Rowley’s ‘sexy’ agriculture

By Raffique Shah
October 01, 2024

Raffique ShahSome day last week, several of my one-time associates and long-time friends managed to breach the hurdles TSTT has implanted on my ancient landline to isolate me from what passes for civilisation today. They called to ask if I heard Prime Minister Dr Keith Rowley crowing like a “fowl-cock” when he rolled out a new programme his Government was about to embark on, one tag-line proclaiming: “Making agriculture sexy!”

I had listened to the PM and he was indeed crowing as was suggested, but he also wore a sly grin when he applied the “sexy” marketing term to the Government’s agro-food programme, I thought, as I watched recipients of what appeared to be grants or documents showing beneficiaries of the programme handed over to scores of eager-looking, mostly young persons who had graduated from Government’s new thrust in food production.

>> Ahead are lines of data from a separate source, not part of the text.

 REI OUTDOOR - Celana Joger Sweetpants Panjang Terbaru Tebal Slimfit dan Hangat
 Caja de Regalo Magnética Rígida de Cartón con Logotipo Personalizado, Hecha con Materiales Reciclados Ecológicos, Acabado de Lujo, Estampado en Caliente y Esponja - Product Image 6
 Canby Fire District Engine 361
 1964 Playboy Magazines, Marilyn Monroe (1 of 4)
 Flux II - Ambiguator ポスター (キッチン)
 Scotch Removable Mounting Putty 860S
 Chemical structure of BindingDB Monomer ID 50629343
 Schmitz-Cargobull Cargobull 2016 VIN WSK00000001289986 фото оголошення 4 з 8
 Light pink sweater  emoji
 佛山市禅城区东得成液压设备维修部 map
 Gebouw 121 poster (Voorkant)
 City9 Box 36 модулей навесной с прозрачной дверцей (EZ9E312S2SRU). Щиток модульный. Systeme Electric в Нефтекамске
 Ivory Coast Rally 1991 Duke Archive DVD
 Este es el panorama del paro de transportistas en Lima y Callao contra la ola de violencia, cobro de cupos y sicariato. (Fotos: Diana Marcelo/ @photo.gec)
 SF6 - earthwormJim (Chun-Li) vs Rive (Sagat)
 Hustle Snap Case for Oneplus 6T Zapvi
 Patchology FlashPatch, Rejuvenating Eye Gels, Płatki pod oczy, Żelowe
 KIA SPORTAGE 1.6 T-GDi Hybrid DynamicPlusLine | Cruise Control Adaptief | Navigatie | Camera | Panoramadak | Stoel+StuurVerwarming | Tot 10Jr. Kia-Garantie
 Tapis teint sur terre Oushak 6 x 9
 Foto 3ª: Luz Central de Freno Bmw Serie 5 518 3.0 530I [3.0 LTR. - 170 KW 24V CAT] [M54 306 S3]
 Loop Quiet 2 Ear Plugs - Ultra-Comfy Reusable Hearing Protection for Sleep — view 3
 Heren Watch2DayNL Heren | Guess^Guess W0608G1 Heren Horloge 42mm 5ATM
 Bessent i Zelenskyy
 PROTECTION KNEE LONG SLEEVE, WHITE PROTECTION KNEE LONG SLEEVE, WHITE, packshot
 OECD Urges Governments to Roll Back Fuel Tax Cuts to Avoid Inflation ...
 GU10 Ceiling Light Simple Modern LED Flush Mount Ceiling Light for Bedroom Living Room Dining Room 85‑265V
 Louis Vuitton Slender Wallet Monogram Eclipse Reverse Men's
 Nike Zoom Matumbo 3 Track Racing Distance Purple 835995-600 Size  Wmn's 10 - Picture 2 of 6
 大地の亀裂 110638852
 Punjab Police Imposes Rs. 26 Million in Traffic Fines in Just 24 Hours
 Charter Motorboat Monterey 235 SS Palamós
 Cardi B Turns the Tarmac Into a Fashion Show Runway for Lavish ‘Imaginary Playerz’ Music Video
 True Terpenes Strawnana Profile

I had heard this speech before. The contents sounded very familiar. Then I remembered, it was way back in Patrick Manning’s last term in office, probably 2007. Back then, high-powered committees led by professionals such as Dr Lenny Saith worked over a period of years and finally got projects in the upstream and downstream into motion. I don’t know if Dr Rowley remembers those projects. They included the establishment of Trinidad’s Agribusiness Association (TTABA) which would eventually get on the road, and at the time seemed like a dream come true for the farming community.

By the time Mr Manning demitted office, or rather lost power to a UNC-led coalition government, agribusiness had taken on a life of its own. All over the country people were planting and reaping crops such as cassava, hot peppers, sweet potatoes, water melons, pumpkins, paw-paw, to name a few.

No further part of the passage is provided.